Through a project with the University of Kentucky College of Agriculture, Hart is able to feed fresh sweet corn to the inmates as well as provide them with some outside work.
Beside the detention center is a corn field that will provide the inmates with several meals. It takes 950 ears to feed two ears of corn at the dinner meal, Hart said. In addition to the UK corn project, the inmates tend their own garden producing fresh tomatoes, green beans, watermelon, cantaloupes, peppers and other produce for their plates.
"It is as important to have a place for the inmates to work as the fresh produce that comes from it," Hart said.
The UK project organized by the Henderson County Cooperative Extension Service Agricultural Agent, Mike Smith, is in its second year and Hart said he will participate again in 2002.
"What we are doing is looking at insect management using regular and Bt sweet corn," said Ric Bessin, UK Extension Entomologist. "The Bt corn is fully approved and has been on the market for four years. What I'm interested in is seeing if European or Southwestern corn borer are able to develop on these new varieties.
"The arrangement with the detention center works well because we have the labor to pull a large number of ears in a short period of time and search those ears for corn borers," he said. "The good news is no corn borers were found feeding on the Bt corn. But we wouldn't know that if we didn't look."

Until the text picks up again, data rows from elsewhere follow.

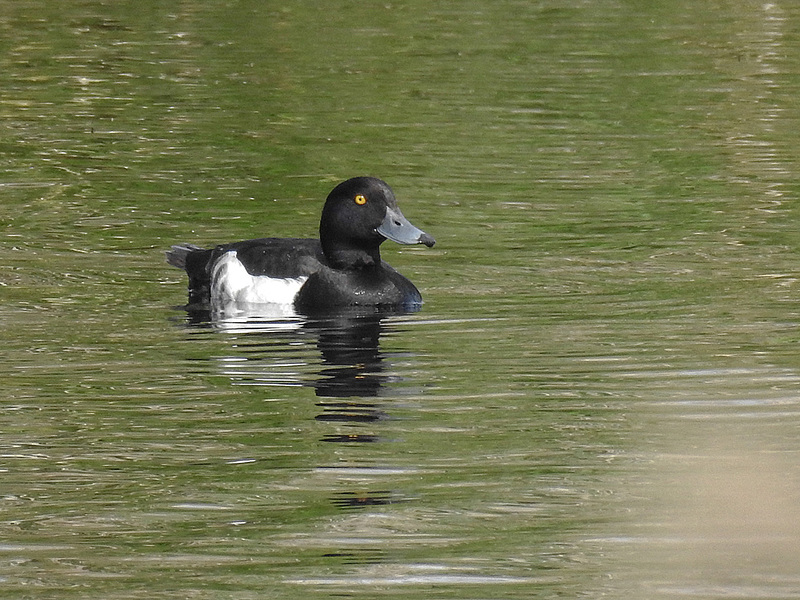 20170615 1883CPw [D~MS] Reiherente (aythya fuligula) [m], Rieselfelder Münster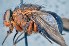  ( - TLW236)  @11 [ ] Copyright (2015) Terry Whitworth Department of Entomology, Washington State University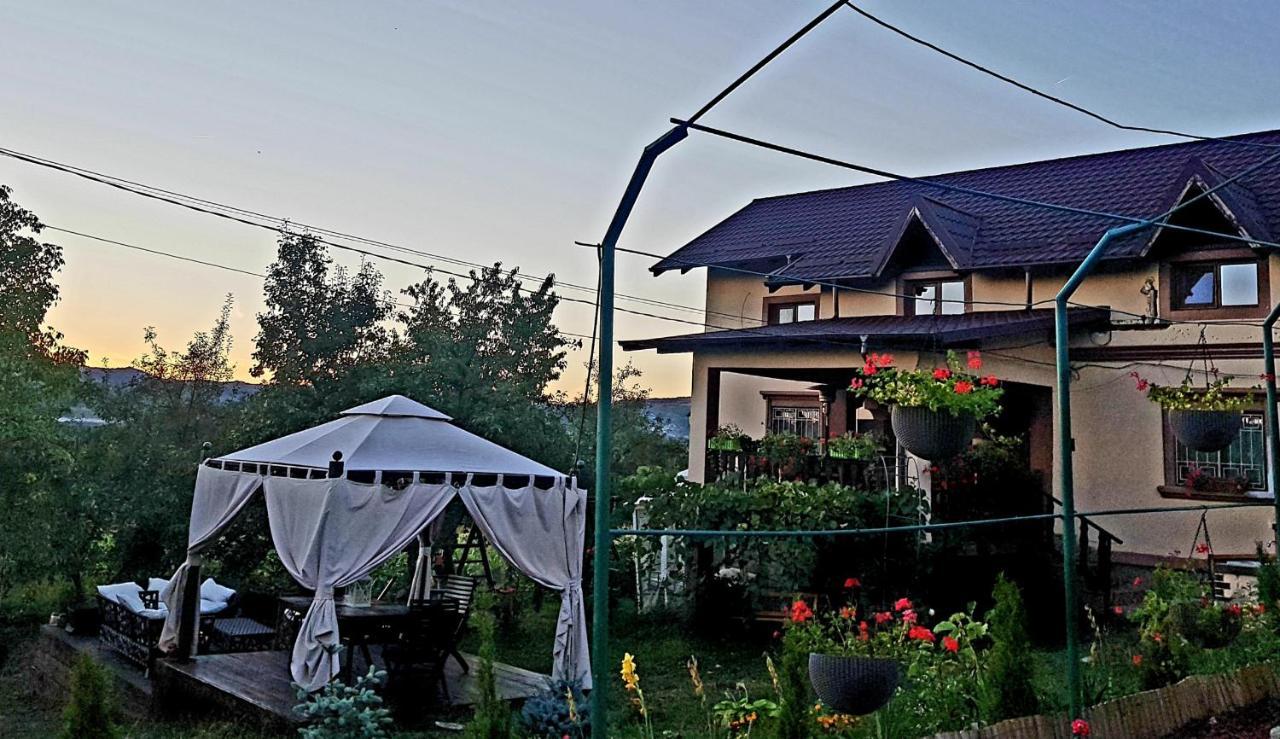 Vila Magnolia Curtea de Argeş Exterior foto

Last year, the regular sweet corn had a lot of damage, not only from corn borer but also ear worm, fall armyworm, and some Southwestern corn borer. But the Bt corn held up well. The same was proving true last week, as Bessin and his colleagues, UK Entomologists Doug Johnson and Lee Townsend, checked ears as they were brought in from the field by the inmates.
"Bt sweet corn produces high quality ears without the need for insecticide use. I took a dozen ears home last year and it was good sweet corn," Bessin said.
The project works well from everyone's standpoint, he said.
"We get the labor use. They get to have some activity here and also get the benefit of the corn as well," Bessin said. "If I did this at the university, we'd end up with a very large pile of sweet corn that groundhogs, raccoons and crows would be feeding on and most would go to waste. The nice thing here is this corn is not going to go to waste."
Another aspect of the project is that it is located in an area of Kentucky that has some of the worst corn borer problems with both Southwestern and European corn borer. Farmers have been using Bt corn to fight those insects now for several years, Bessin said.
"That's one reason why we like to look at the insects here to see if they are developing a resistance," he said.
Hart said he was approached by Mike Smith, Henderson County Extension agent for agriculture and natural resources, about participating in the project. It has worked well, he said, as he shucked an ear of corn.